Task goal = An exact copy is required of the lines running from the one that contains "16212 Coopers Hawk Ave — Photo 3" to the end of the material, both ends included, with pictures omitted.

Provided records =
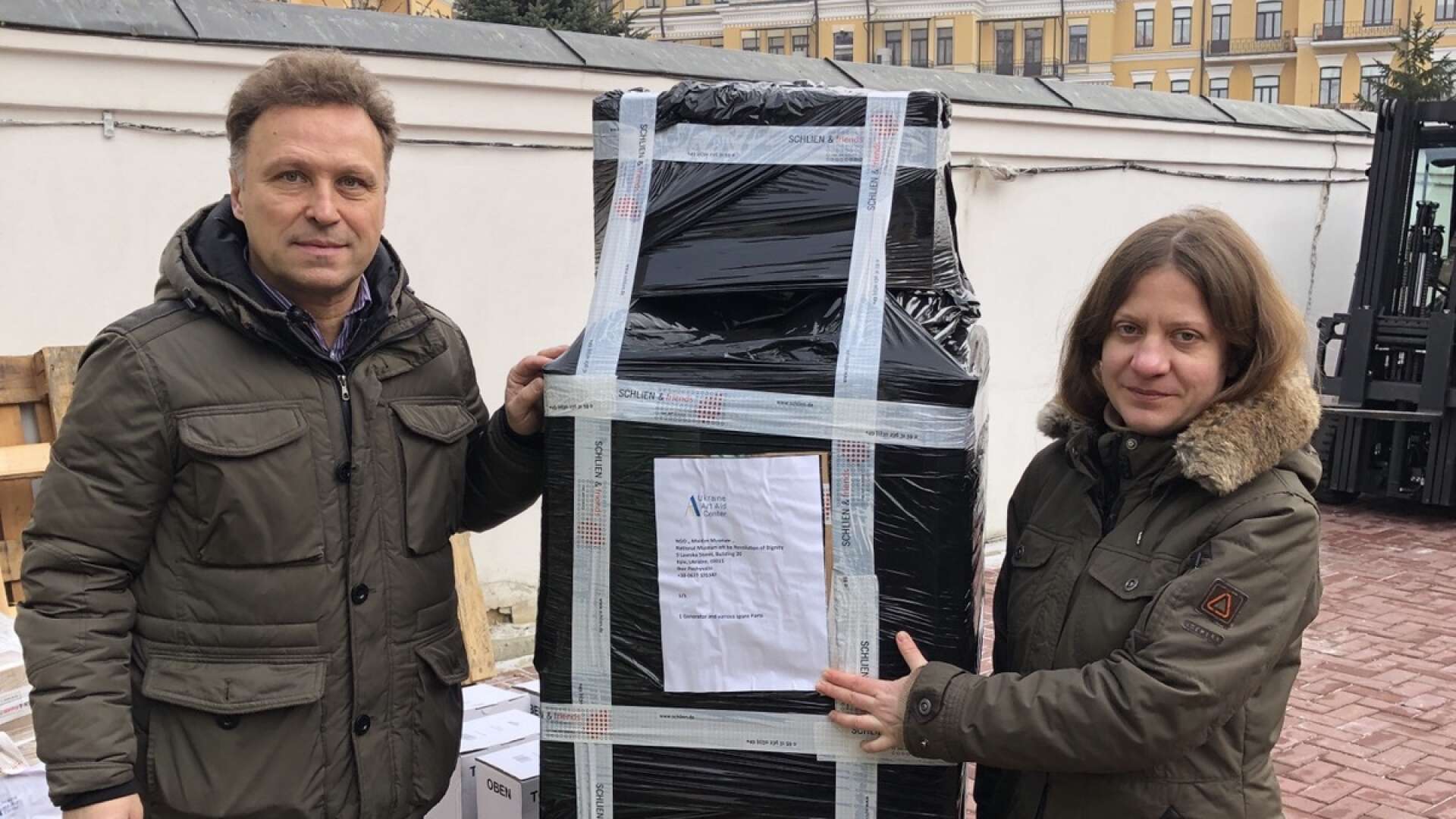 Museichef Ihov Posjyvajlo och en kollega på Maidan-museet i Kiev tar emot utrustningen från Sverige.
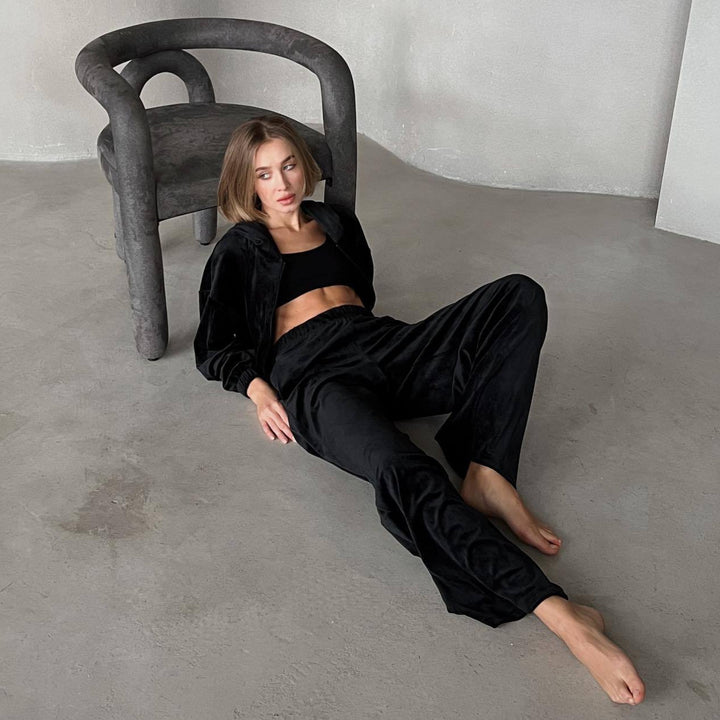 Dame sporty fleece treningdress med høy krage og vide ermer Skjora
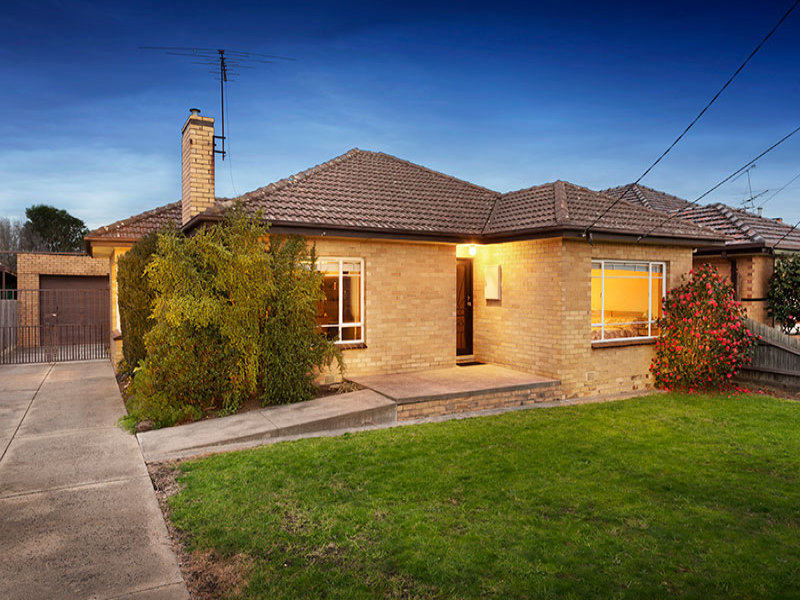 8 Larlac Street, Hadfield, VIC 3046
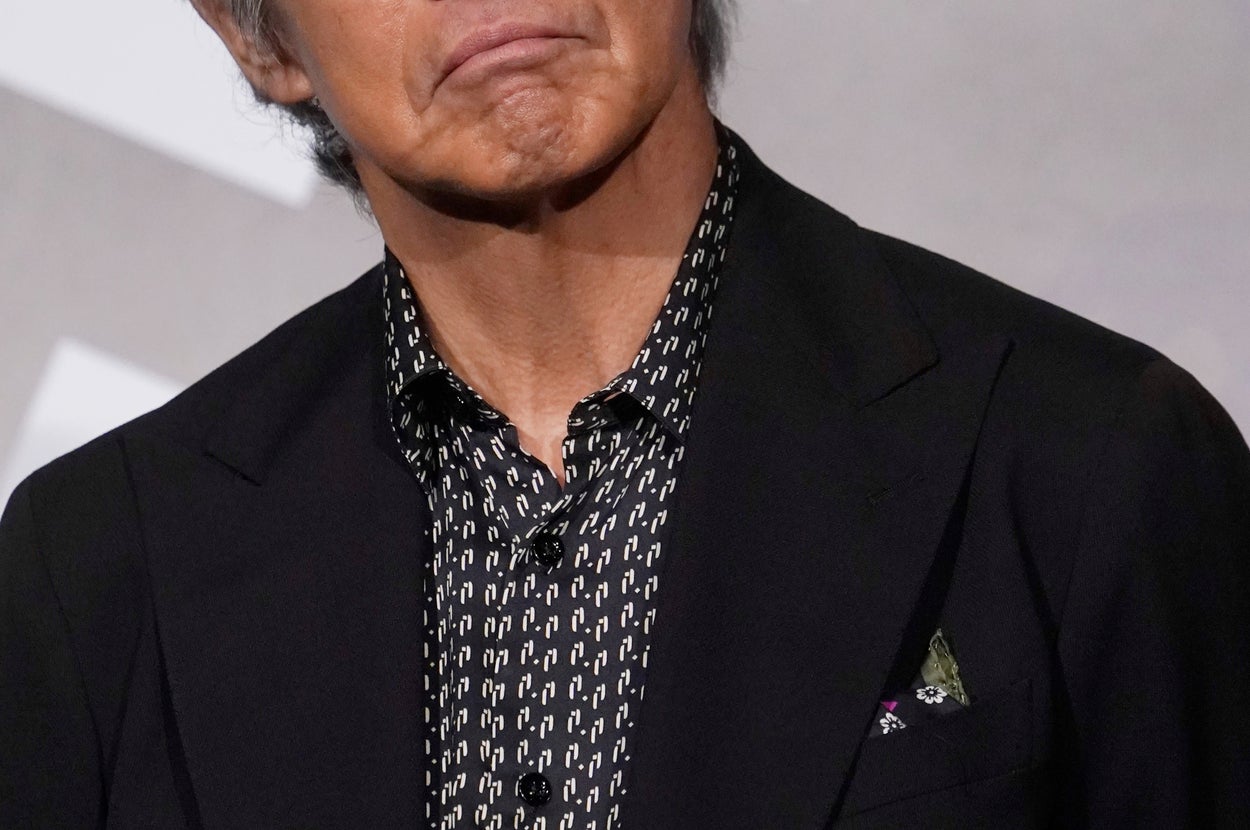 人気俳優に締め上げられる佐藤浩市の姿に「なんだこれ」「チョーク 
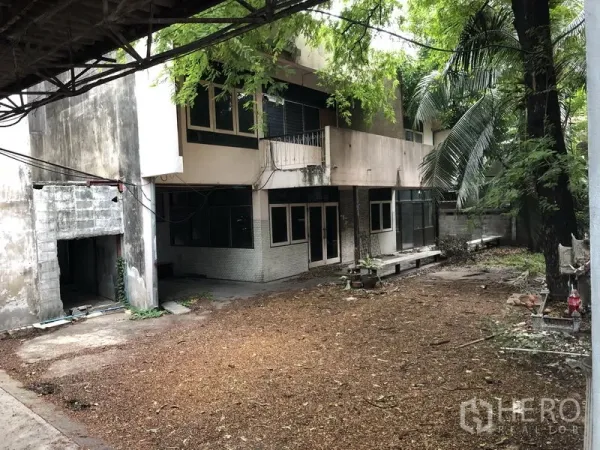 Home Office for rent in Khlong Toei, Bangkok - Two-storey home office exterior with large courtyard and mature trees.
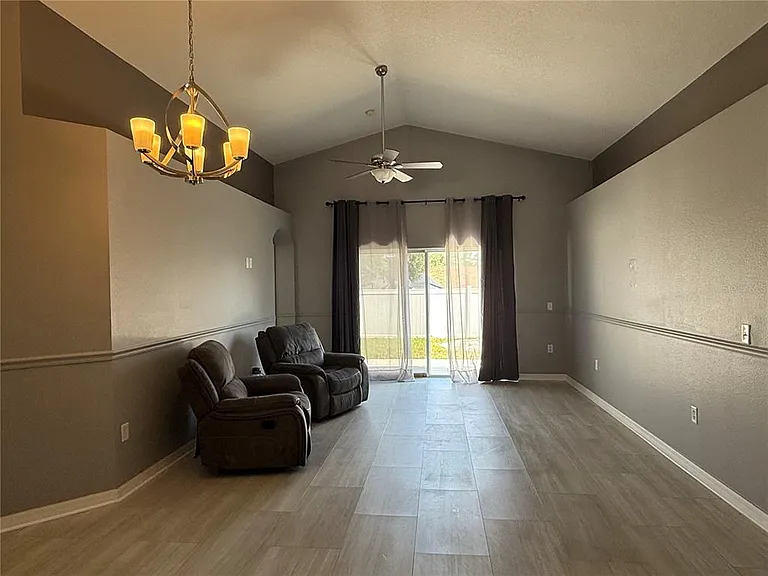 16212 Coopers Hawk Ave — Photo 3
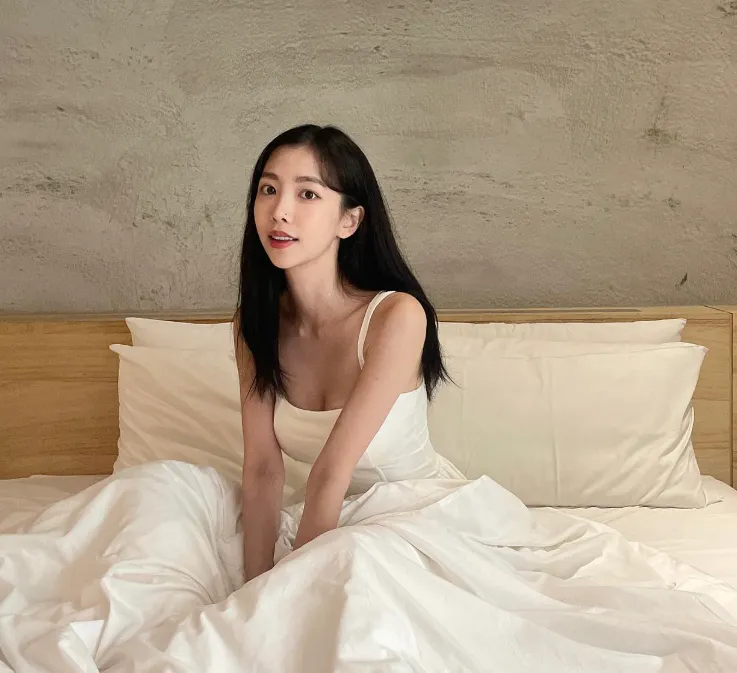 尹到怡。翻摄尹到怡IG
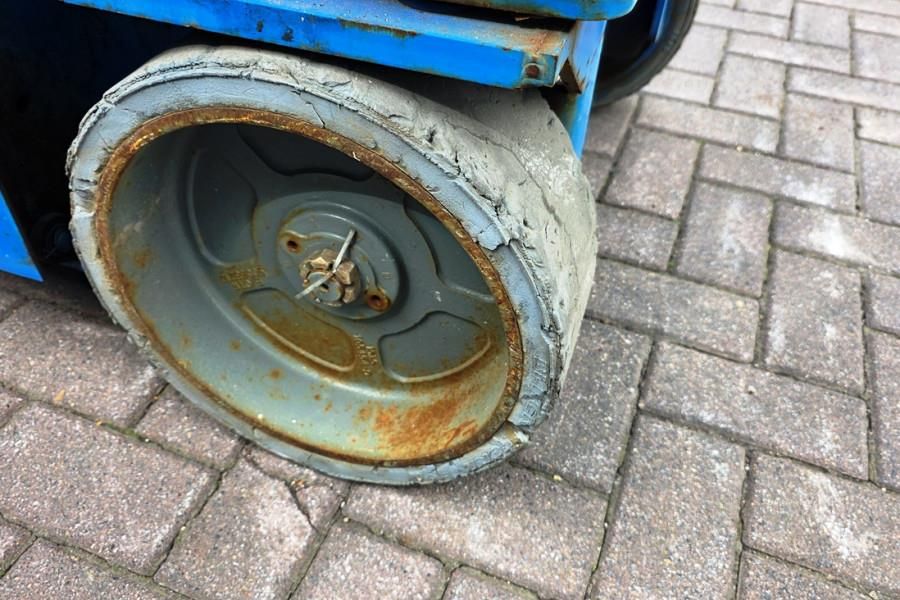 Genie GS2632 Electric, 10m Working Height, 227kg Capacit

Response below =
 16212 Coopers Hawk Ave — Photo 3
 尹到怡。翻摄尹到怡IG
 Genie GS2632 Electric, 10m Working Height, 227kg Capacit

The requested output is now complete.